* _Work instructions_
Within the listing below, give again exactly the lines between the one containing "Hommes - Chemise" and the one containing "La Femme 32269", inclusive, pictures left aside.

*** Exercise input Section Begins ***

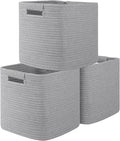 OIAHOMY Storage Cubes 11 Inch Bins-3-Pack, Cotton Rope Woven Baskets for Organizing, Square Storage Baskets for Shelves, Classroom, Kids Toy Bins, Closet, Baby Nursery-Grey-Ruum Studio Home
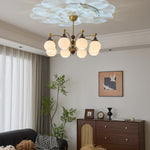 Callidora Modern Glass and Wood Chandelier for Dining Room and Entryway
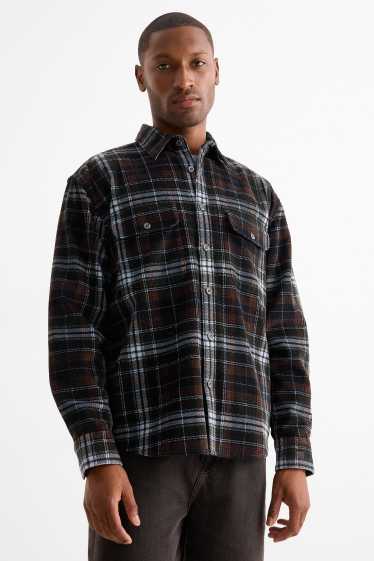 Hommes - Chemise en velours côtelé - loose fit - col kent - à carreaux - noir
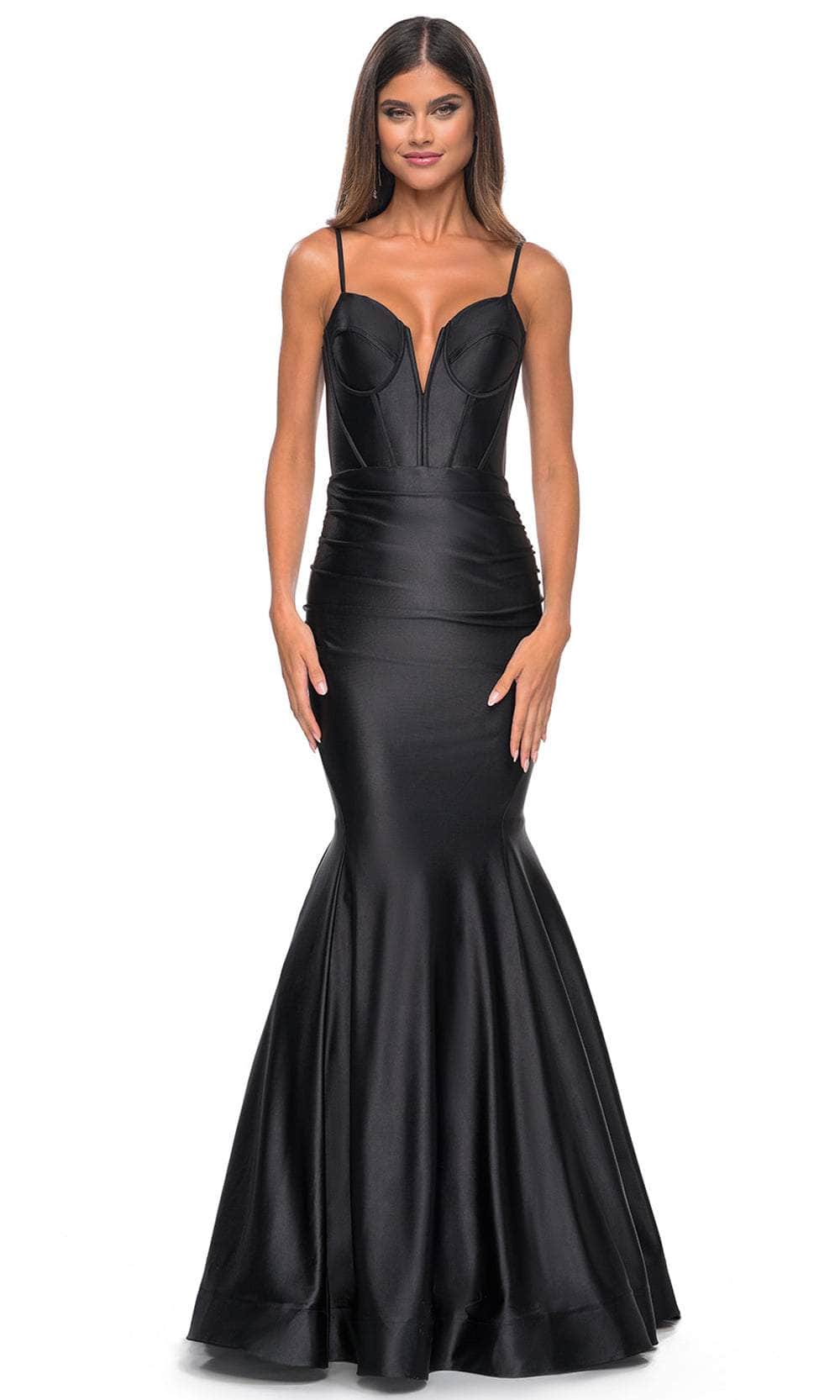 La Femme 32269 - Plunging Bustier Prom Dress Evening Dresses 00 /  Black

*** Exercise input Section Ends ***
*** Exercise input Section Begins ***

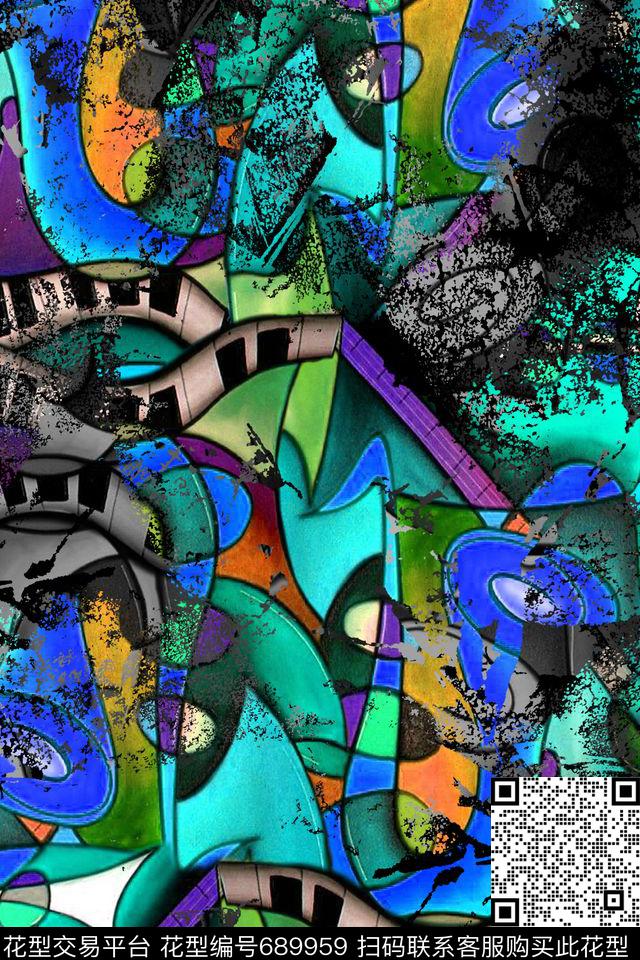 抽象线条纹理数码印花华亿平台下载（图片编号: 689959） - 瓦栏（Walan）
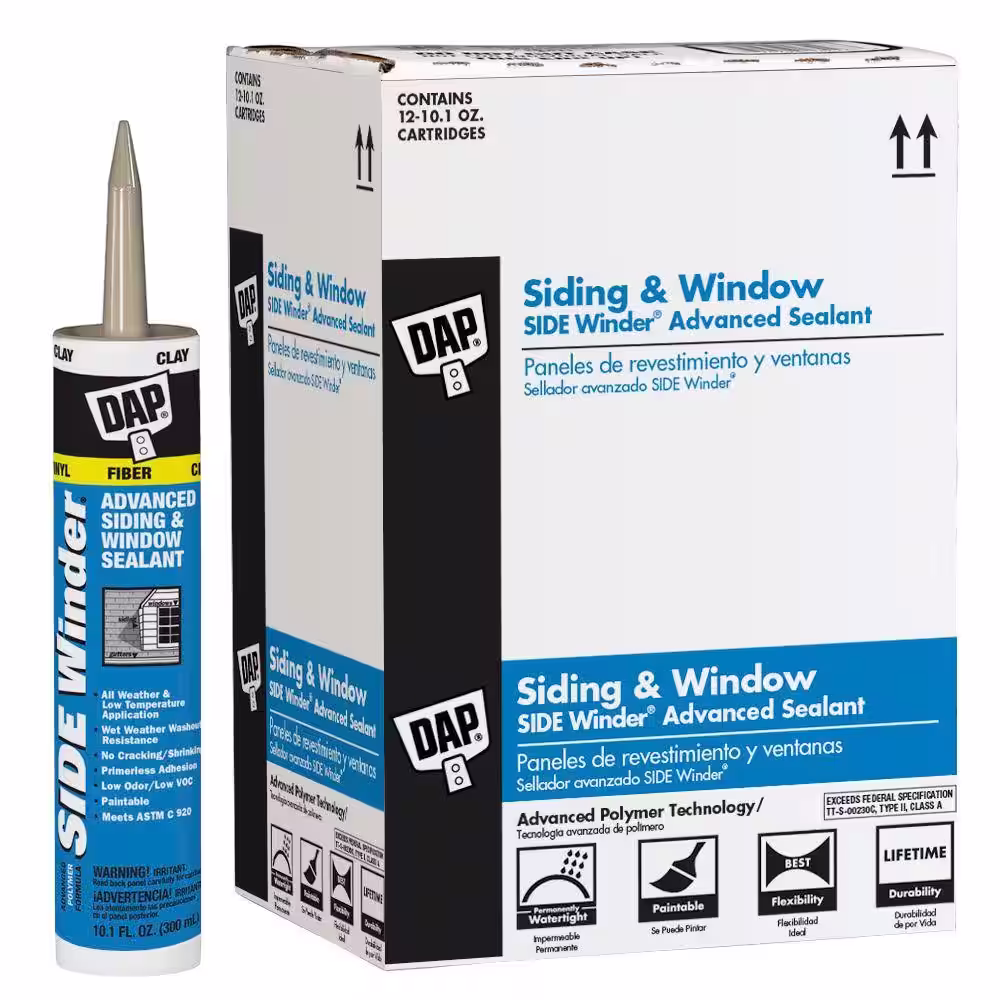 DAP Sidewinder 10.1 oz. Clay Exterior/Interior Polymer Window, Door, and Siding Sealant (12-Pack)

*** Exercise input Section Ends ***
*** Exercise input Section Begins ***

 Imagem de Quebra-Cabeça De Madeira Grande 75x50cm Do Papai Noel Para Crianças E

*** Exercise input Section Ends ***

* _Task output_
 Hommes - Chemise en velours côtelé - loose fit - col kent - à carreaux - noir
 La Femme 32269 - Plunging Bustier Prom Dress Evening Dresses 00 /  Black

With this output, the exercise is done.